Talaga Bodas 56-58

Majalah Suara Daerah PGRI Jawa Barat

Senin, 24 Mei 2010

IKON “PENDIDIKAN” BAGI PROVINSI JAWA BARAT?, Suara Daerah, No. 452


OLEH : AJENG KANIA

“........Isola bumi Siliwangi, pada muru ti jauhna. Kajojo sa-Nusantara. Kader-kader keur harepan bangsa. Ti isola Mimitina”.


Itulah bait lagu ”Isola Bumi Siliwangi” akrab dinyanyikan murid-murid Sekolah Dasar. Vila Isola yang dulunya merupakan hotel tempat peristirahatan di zaman Bandung tempo doeloe. Kini gedung itu digunakan Rektorat Universitas Pendidikan Indonesia (UPI) bernama IKIP Bandung. Memang benar, kader-kader calon guru dididik di sini. Guru-guru itu kelak menyebar ke seluruh Nusantara dan mendidik cikal bakal generasi bangsa di seluruh Indonesia. Aura ”pendidikan” pada kampus ini dan kota Bandung khususnya terasa kental dicermati dari embel-embel kata ”pendidikan” masih melekat pada kampus ini, padahal eks IKIP lainnya berubah menjadi Universitas Negeri.

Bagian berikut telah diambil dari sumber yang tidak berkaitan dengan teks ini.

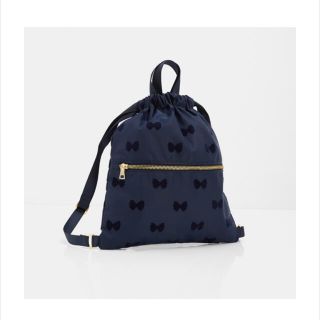 Jacadi（リュックサック）のフリマアイテム一覧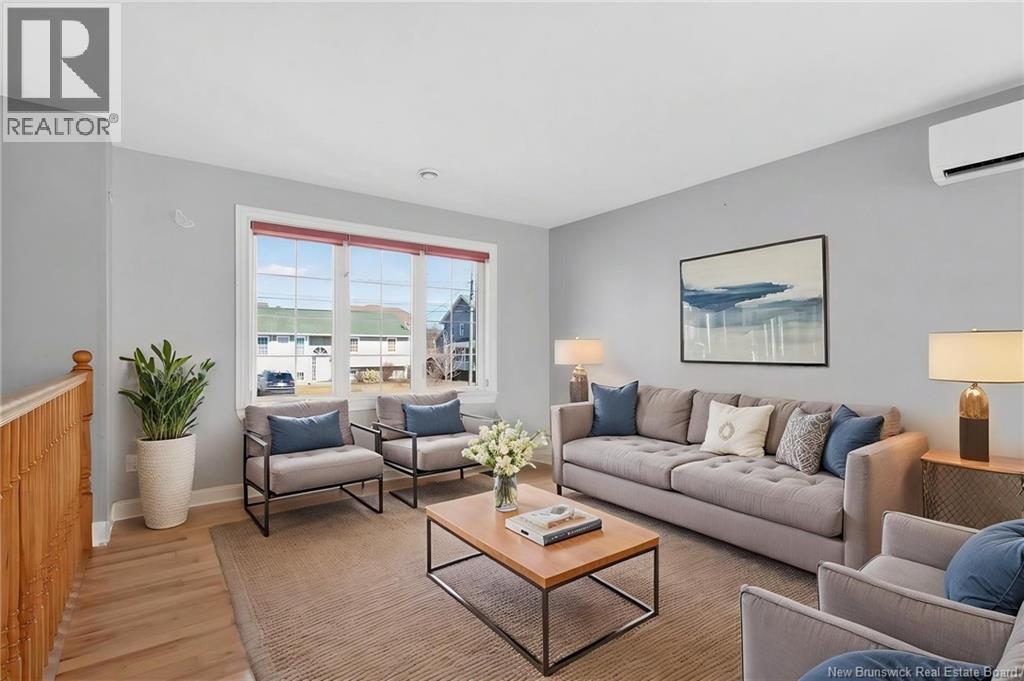 94 Falcon, Moncton, New Brunswick  E1G 0H7 - Photo 7 - NB134631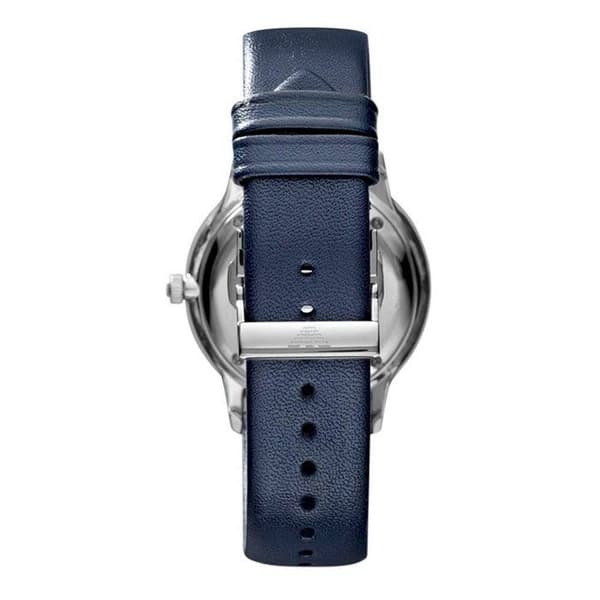 Emporio Armani AR1647 klocka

Ikon “pendidikan” bagi provinsi Jawa Barat, ditunjang oleh historis, tradisi dan kondisi lingkungan amat kondusif. Jawa Barat dikenal pemasok cendekiawan se-Nusantara bahkan mancanegara. Banyak pelajar dan mahasiswa dari Sabang sampai Merauke berobsesi menuntut ilmu di bumi Parahyangan ini. Suasana sejuk, lingkungan belajar kondusif dan keramahan warganya bak semerbak bunga mengundang para pelajar studi di kota kembang ini.

pusat pendidikan
Sejak dahulu Jawa Barat dikenal sebagai basis pendidikan di Nusantara. Selain UPI, terdapat Institut Teknologi Bandung (ITB) berdiri tahun 1920 sebagai perguruan tinggi berbasis teknologi tertua dan berkelas dunia (peringkat ke-258 versi Times Higher Education/2007). Sementara Institut Pertanian Bogor (IPB) tercatat perguruan tinggi pertanian terbesar se-Tanah Air. Adapun Universitas Padjadjaran (Unpad) menduduki peringkat 5 nasional versi Global Asia/2008 cukup dibanggakan warga Jawa Barat. Tak ketinggalan UIN Sunan Gunung Djati (SGD) sebagai penghasil insan cendekia berbasis keagamaan (ulama). Kalau mau jujur, itu lho Universitas Indonesia (UI) (peringkat ke-250 dunia/2007) pun berada di Jawa Barat tepatnya di kota Depok.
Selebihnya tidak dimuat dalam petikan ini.